I was a guest in a friend’s home for Thanksgiving this year. A wonderful event, I was the only non-blood relative among the 17, and I was welcomed like I was born into the clan. And so I got a family pack of food to go, plastic containers filled with everything for at least another meal… if not more. So gracious, so delicious.
And I got to take home the turkey carcass.
Really, my host asked if I would like the carcass. It was as if my Mom reached down from the heavenly places..”you should take it home, dear.” So I listened to the voice. Time for some home made turkey rice soup.
Squeeze everything out of everything. Mom was that way. The depression was still a part of her every day existence. Generous with and to all around her. She would squeeze value till there was no value. I didn’t really appreciate the frugal nature of it all. In fact I am the black sheep of the frugal family. The Prodigal as it were. But there is one element of my Mom’s thriftiness for which I will always be thankful, the making of stock and then soup from the leftover turkey carcass.
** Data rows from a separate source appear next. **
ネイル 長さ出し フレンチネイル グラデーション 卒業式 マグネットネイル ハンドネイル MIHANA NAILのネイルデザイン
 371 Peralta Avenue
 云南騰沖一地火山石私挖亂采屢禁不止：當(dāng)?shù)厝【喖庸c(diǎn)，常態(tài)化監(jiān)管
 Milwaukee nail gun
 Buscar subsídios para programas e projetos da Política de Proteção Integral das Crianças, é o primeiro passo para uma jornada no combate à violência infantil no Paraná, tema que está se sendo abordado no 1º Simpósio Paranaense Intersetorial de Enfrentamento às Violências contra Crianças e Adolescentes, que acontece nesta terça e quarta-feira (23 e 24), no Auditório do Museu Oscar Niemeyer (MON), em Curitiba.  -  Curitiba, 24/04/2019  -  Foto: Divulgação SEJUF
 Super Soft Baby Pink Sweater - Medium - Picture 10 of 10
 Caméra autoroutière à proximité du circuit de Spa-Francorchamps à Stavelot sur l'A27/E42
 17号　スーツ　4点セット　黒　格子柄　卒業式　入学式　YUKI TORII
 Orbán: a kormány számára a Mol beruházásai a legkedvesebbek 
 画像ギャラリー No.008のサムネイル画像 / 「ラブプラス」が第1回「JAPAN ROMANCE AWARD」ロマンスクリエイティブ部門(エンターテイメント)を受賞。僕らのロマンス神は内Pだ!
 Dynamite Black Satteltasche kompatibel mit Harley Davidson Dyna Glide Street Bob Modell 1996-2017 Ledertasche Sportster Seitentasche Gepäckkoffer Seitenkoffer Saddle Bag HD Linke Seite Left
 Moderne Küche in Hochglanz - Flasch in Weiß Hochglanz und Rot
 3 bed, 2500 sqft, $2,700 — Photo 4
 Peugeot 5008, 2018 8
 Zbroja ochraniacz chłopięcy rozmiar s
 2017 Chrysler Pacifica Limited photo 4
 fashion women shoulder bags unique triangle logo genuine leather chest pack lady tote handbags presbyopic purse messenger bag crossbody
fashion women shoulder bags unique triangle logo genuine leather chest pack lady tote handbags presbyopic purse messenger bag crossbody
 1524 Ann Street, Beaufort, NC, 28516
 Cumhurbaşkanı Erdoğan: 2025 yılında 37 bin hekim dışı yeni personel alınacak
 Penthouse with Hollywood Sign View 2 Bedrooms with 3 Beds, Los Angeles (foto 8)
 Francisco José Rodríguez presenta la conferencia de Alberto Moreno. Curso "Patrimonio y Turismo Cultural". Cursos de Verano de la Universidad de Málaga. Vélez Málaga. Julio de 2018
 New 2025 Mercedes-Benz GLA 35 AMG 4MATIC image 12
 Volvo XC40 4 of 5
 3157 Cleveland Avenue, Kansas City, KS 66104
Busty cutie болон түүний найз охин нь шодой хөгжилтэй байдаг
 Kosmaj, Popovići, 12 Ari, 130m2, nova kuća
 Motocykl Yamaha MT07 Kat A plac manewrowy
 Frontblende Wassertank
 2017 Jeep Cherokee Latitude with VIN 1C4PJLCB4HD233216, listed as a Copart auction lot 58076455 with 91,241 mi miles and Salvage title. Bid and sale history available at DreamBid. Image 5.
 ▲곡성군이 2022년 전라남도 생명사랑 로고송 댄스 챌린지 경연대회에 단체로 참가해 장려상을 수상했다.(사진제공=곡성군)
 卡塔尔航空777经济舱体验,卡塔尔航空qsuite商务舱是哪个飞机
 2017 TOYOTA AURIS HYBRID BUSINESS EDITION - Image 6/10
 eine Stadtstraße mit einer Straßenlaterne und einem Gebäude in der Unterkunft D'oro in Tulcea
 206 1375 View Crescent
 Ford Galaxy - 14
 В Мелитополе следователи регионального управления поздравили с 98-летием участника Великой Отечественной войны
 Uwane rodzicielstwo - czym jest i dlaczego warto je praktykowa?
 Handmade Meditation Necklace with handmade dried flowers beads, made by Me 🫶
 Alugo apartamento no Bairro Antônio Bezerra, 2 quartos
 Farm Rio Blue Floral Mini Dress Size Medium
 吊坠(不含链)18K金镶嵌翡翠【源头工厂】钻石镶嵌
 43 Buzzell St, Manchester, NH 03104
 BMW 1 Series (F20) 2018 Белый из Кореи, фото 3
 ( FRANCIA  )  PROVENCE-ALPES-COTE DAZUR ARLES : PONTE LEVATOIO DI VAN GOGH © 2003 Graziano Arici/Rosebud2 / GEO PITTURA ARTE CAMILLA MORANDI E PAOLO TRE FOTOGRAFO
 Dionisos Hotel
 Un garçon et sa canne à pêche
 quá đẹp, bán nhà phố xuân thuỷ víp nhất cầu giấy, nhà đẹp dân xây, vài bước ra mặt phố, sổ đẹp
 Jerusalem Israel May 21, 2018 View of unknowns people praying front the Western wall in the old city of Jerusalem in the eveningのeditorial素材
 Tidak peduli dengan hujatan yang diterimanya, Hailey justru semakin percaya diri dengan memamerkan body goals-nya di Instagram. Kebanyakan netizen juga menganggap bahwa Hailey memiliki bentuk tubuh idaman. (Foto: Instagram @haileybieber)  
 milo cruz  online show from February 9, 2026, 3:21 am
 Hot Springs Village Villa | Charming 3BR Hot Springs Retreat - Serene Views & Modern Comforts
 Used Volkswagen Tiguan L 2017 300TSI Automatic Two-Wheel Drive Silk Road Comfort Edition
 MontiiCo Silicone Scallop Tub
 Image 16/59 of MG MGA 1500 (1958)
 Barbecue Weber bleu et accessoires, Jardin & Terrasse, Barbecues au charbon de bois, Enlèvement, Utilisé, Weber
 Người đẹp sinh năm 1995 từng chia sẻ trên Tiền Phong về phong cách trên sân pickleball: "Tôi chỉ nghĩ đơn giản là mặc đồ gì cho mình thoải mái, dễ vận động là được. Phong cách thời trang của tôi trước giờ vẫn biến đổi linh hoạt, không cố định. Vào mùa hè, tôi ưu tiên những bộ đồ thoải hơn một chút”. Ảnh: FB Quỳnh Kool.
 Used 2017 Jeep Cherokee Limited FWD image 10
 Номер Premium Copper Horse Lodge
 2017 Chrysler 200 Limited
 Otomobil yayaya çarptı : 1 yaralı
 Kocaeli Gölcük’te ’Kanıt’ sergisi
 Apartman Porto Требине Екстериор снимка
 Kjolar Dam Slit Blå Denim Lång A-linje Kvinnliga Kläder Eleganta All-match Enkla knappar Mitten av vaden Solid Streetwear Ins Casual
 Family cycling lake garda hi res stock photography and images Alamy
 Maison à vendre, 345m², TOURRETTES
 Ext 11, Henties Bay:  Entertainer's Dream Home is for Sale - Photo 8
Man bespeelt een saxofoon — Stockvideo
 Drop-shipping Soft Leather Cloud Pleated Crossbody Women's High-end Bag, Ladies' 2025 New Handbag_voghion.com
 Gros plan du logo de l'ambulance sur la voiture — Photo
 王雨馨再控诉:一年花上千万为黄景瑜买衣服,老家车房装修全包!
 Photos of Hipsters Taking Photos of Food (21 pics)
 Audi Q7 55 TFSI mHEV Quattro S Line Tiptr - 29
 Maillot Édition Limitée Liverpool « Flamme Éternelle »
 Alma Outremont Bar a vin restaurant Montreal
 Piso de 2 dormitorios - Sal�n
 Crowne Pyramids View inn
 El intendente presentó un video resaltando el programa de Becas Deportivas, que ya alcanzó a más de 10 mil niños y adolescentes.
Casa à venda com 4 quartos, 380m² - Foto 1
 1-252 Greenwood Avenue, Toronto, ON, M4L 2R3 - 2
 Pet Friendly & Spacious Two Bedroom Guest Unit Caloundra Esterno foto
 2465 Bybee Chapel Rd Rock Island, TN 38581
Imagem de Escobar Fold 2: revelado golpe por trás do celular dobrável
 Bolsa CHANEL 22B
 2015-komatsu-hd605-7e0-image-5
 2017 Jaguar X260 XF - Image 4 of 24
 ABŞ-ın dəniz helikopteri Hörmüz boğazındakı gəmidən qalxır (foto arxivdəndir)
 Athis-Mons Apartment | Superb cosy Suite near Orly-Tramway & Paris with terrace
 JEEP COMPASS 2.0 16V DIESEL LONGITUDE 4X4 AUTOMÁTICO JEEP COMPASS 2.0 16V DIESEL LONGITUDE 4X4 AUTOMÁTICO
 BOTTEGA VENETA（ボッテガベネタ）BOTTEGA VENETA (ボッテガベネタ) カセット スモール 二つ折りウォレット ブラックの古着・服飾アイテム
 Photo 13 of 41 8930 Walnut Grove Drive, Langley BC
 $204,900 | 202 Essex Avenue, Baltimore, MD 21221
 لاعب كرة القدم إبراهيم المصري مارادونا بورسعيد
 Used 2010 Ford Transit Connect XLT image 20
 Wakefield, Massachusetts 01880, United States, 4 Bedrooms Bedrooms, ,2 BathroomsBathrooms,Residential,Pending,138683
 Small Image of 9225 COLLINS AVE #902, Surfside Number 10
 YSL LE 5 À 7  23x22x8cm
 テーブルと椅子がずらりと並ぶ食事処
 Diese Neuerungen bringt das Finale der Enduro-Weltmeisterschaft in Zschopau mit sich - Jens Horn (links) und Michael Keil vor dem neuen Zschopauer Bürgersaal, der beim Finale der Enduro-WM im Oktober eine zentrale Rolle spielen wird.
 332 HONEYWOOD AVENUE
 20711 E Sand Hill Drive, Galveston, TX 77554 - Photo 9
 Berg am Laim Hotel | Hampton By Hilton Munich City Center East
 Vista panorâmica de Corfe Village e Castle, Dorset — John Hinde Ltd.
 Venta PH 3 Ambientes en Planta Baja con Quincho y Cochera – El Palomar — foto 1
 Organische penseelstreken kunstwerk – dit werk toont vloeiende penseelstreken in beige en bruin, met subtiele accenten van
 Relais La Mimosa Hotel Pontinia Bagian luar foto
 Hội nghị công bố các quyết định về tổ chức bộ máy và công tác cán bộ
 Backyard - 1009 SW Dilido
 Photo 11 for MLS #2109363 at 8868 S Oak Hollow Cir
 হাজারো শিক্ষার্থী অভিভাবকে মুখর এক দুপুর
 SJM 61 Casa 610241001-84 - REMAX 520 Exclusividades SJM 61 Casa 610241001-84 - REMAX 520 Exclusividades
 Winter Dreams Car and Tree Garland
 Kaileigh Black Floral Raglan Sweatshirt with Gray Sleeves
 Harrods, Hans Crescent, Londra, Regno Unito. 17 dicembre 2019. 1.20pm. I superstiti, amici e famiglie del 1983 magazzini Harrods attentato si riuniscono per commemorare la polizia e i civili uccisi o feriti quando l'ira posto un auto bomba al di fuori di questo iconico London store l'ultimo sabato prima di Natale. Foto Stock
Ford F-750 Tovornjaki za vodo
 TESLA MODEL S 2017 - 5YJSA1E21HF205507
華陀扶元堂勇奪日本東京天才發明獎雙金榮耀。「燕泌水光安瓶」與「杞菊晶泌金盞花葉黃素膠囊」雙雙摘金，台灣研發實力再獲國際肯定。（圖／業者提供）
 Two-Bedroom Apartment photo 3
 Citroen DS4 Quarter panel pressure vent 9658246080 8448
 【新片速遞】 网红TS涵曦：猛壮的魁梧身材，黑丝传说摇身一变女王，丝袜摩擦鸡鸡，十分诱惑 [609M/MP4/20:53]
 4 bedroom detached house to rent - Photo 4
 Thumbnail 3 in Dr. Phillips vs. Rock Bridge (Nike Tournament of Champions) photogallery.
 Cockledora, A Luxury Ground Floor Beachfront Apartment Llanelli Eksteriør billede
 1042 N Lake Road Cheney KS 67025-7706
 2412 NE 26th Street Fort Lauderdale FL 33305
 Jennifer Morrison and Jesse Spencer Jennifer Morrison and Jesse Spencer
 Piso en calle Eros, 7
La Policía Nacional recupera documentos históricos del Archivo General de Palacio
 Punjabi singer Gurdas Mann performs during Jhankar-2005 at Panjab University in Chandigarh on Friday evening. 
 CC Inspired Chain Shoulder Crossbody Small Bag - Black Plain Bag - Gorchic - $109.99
As an aside, I must mention that mom was not much of a cook. I mean she could do it. She just hated to do it. Swanson tv dinners, Banquet pot pies, and Campbell’s soup can recipes, these were the chef’s at our table. In the 70’s after she remarried, the microwave became the most important kitchen tool for this learned woman. And she was frugal with the use of that kitchen tool, using only enough electricity to get something warm. No need to waste extra energy to make something hot. I mention that for the benefit of family who might read this and shake their heads in knowing approval. But this is about soup. Home Made Turkey soup.
Her second husband. Tennis and Dancing. Music and art were my mother’s passions. My mom traveled the world, over 200 countries. Seriously, as a private citizen, she was in the upper 1% of world travelers. She could do most anything she wanted to do. She could cook. It just was a waste of her time. Kitchen travels involved freezer to oven as I grew up, and then to microwave. As frozen food quality and selection increased, so did her menu choices.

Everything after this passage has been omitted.